How to Do a Business Check-In

So, how is your business doing these days? We find ourselves just past the halfway point of an exceptionally challenging year.  It’s likely circumstances in your business and your life have changed. Now’s the perfect time to take a pause and check in with your business. How are you doing with your goals? In the thick of things, sometimes our focus on our goals can get a little murky. Below, I share a process for reviewing your business with an eye towards those goals, and celebrating what you’ve already done. Here’s the step-by-step:

Review

When you take a look at the goals you’re working towards, it’s easy to get bogged down by focusing on what you still need to do. Instead, train your focus on what you’ve already done.

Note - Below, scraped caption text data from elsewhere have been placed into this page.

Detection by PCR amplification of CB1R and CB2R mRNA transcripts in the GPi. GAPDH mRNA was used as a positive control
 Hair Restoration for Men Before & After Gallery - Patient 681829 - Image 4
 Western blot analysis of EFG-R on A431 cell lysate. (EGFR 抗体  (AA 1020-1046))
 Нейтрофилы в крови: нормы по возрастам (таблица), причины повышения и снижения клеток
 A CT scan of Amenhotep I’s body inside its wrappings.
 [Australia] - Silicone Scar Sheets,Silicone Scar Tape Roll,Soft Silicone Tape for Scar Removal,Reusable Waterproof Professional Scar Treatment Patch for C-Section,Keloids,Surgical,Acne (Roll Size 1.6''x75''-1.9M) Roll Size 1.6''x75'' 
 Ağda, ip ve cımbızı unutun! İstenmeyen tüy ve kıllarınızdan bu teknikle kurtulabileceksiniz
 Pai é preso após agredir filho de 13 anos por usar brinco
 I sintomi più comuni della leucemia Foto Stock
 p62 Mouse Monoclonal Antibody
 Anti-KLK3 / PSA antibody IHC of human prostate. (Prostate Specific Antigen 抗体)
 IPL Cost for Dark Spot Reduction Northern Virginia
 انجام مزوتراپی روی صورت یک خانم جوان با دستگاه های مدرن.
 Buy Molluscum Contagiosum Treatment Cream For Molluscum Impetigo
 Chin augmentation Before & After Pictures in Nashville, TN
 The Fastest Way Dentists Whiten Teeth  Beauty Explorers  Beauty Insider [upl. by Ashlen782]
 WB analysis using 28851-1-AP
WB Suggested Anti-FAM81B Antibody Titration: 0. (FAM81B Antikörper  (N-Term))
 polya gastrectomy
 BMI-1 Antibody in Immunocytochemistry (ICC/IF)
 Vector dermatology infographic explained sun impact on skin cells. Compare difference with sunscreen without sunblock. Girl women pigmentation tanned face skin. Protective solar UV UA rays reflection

Start by making a list of milestones you’ve hit or steps you’ve completed. Rifle through your day planner or old to-do lists if you need a refresher. Go back through the year, month by month. Especially because it’s likely this year required you to adapt to COVID-19, there are likely some changes to note.

Now, it’s time for a little introspection. Take stock of all the actions you’ve taken towards your goals, and then ask yourself a few questions: How do I feel about this goal? Do I still want to achieve it by the end of the year? Is that feasible? At what pace have I been able to work toward this? What’s my capacity been like?

Don’t be afraid to drop things or add new things. Some goals may simply no longer excite you, or you may have realized that another objective is more important or time sensitive.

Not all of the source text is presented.